• _Task instructions_: Could you copy the data that follows exactly as written, but drop the pictures?

• _Data section_:
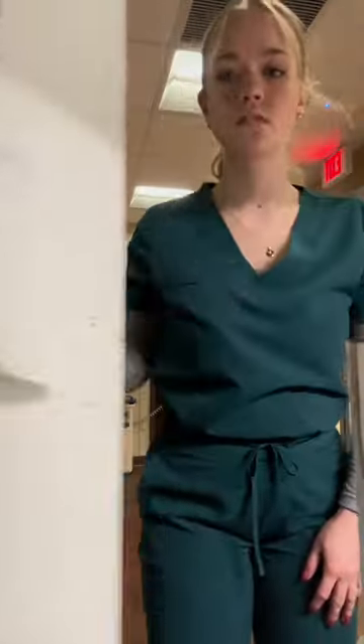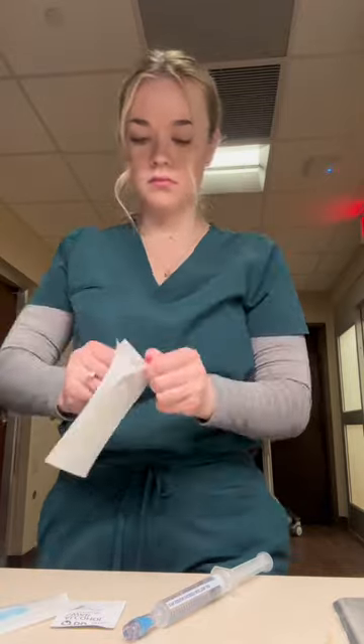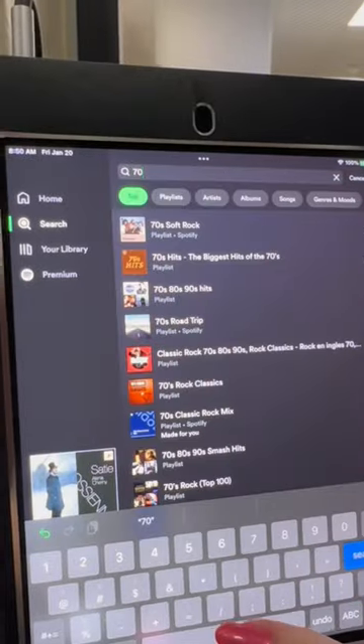Then I'm setting up an IV for my next patient because they have contrast. A little tip is to lay everything out in order that you need it in case you get flustered like me. And I'm getting some 70s music started for my next patient of the day. It's finally time for lunch and I'm eating at the scanner because MRI techs don't get a real lunch break.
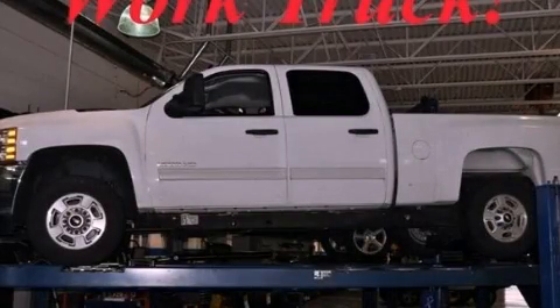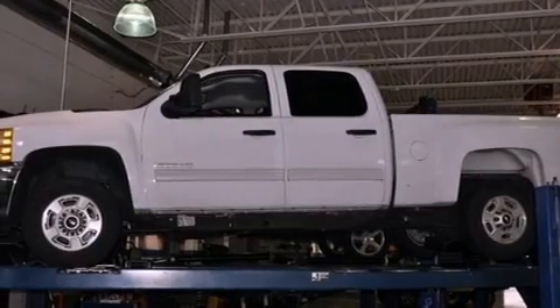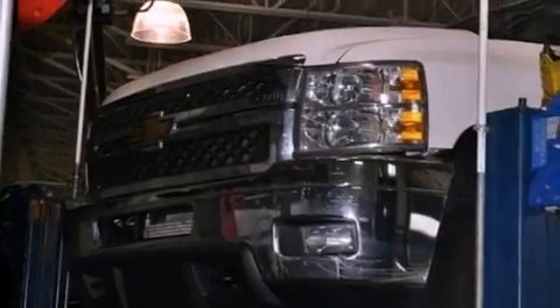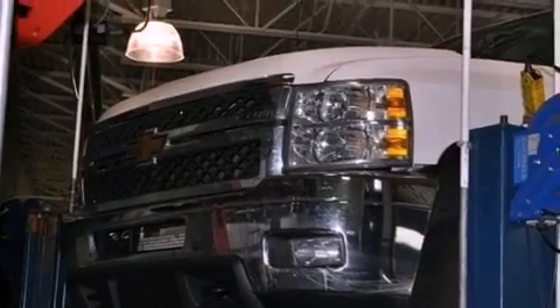This is a 2011 Chevrolet Silverado 2500. It has what you need for work as well as what you want for play. It features a 6.0-liter eight-cylinder engine and an automatic transmission.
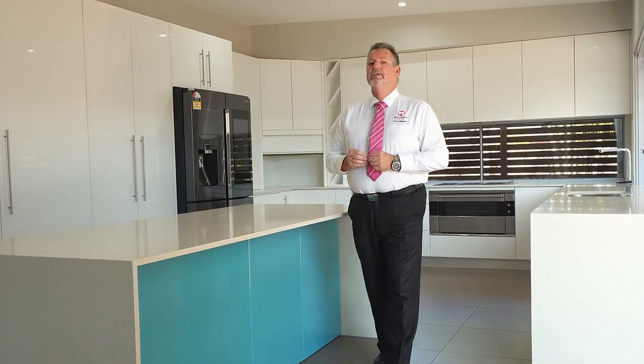The owner has committed to selling this home and is looking for an immediate sale, so here's your opportunity to call me now. Scott Mitchell from Mitchell's Realty — you will only be disappointed if you miss this one.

• _Written response_:
Then I'm setting up an IV for my next patient because they have contrast. A little tip is to lay everything out in order that you need it in case you get flustered like me. And I'm getting some 70s music started for my next patient of the day. It's finally time for lunch and I'm eating at the scanner because MRI techs don't get a real lunch break.
This is a 2011 Chevrolet Silverado 2500. It has what you need for work as well as what you want for play. It features a 6.0-liter eight-cylinder engine and an automatic transmission.
The owner has committed to selling this home and is looking for an immediate sale, so here's your opportunity to call me now. Scott Mitchell from Mitchell's Realty — you will only be disappointed if you miss this one.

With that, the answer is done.